Spielberg usa Tintin come aveva usato Indiana Jones: per dare corpo al suo infinito, e invidiabile, bisogno di avventura. Qualcuno arrivò a sostenere persino che per il personaggio di Harrison Ford l’autore di E.T. si fosse ispirato proprio agli album di fumetti di Hergé. Ma non è la storia della ricerca di un tesoro da parte di un invincibile investigatore che rende questo film, per me, un turning point nella storia del linguaggio cinematografico. È che Spielberg ha inventato una terza dimensione del cinema. Non film tradizionale, attori e scenari reali; non animazione, creature immaginarie rese reali da un disegno. In molte occasioni i due generi si sono inseguiti come fu in Chi ha incastrato Roger Rabbit di Zemeckis o in Avatar di James Cameron. La Pixar con WALL-E o Toy Story aveva portato il cartone animato al confine con la realtà e, nell’altra dimensione, Jurassic Park e Inception avevano teso il rapporto tra realtà e fantasia oltre le linee divisorie tradizionali. Spielberg rende ora quel confine invisibile: lo spettatore non sa se sta vedendo una invenzione della tecnologia o un prodotto della natura. Non sa se gli attori siano persone o disegni, se gli scenari siano o mattoni o prodotti di algoritmi. Si viene così proiettati in una dimensione incerta, un limbo estetico, in cui nulla è certo ma al tempo stesso nulla è impossibile. Come se la realtà fosse dilatabile restando se stessa.

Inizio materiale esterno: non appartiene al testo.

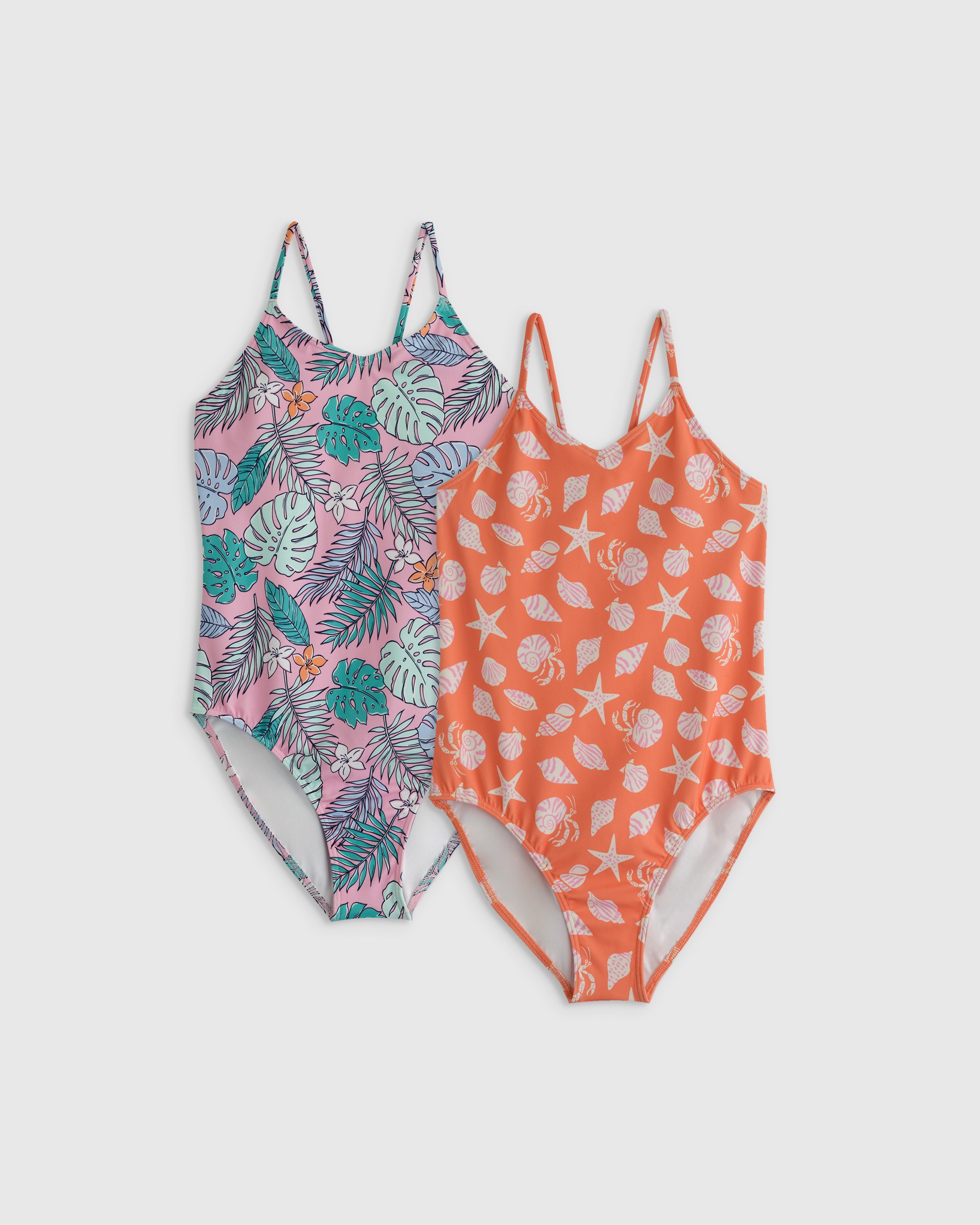 Shells/Palms Sunsafe One-Piece Swimsuit 2-Pack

La terza dimensione del cinema è cominciata con la “storiella” del piccolo giornalista che cerca un tesoro. Gli sviluppi sono infiniti. Spielberg in una intervista ha disvelato, attraverso una constatazione, quello che potrebbe diventare un progetto: «Visti i progressi della motion capture ho capito che era possibile fare il film senza dover tornare indietro di 40 anni e scritturare Walter Matthau nei panni di Haddock». Così un domani potremmo vedere una storia interpretata, nello stesso film, da Spencer Tracy, Sean Penn, James Dean, Jack Nicholson, Marilyn Monroe e Meryl Streep. Oppure scoprire nuovi attori tanto bravi quanto inesistenti nella realtà. Tutta la storia dell’arte è storia di uso di nuove tecnologie come bouquet di possibilità. Spielberg, con Tintin, ha aggiunto un fiore, nuovo.